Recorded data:
━━━━━━

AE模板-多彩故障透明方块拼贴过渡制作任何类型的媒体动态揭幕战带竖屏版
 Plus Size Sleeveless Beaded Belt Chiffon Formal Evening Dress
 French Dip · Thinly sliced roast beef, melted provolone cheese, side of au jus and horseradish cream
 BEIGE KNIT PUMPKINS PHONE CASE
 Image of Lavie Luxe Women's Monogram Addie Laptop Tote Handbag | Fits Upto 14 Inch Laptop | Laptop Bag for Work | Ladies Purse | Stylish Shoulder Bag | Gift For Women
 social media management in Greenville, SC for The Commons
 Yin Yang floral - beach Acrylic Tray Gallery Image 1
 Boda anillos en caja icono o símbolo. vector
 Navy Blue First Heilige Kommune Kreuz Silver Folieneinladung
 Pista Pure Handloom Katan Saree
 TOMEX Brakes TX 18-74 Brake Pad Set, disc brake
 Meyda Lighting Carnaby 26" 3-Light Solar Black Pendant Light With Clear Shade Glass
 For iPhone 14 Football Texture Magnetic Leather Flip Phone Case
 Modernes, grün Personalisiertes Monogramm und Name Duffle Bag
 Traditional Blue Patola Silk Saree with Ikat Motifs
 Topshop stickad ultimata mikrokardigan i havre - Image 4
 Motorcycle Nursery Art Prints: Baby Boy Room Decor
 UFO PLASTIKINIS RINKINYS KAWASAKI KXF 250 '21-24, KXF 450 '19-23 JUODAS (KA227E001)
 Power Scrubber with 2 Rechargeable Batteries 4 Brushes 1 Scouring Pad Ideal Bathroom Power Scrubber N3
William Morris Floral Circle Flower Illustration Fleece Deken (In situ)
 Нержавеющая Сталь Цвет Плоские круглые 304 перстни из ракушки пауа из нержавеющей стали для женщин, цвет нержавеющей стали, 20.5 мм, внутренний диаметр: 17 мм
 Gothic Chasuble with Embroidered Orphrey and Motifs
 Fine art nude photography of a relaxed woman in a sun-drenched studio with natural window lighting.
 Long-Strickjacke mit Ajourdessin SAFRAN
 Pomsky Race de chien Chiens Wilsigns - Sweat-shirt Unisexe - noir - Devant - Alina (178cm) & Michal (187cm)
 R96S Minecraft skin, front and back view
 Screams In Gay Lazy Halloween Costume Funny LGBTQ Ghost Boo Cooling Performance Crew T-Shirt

━━━━━━

#### GOAL OF THE EXERCISE:
Restate word for word the lines above, beginning at the first one and ending at the line that carries "BEIGE KNIT PUMPKINS PHONE CASE".

#### RESPONSE FOR THIS EXERCISE:
AE模板-多彩故障透明方块拼贴过渡制作任何类型的媒体动态揭幕战带竖屏版
 Plus Size Sleeveless Beaded Belt Chiffon Formal Evening Dress
 French Dip · Thinly sliced roast beef, melted provolone cheese, side of au jus and horseradish cream
 BEIGE KNIT PUMPKINS PHONE CASE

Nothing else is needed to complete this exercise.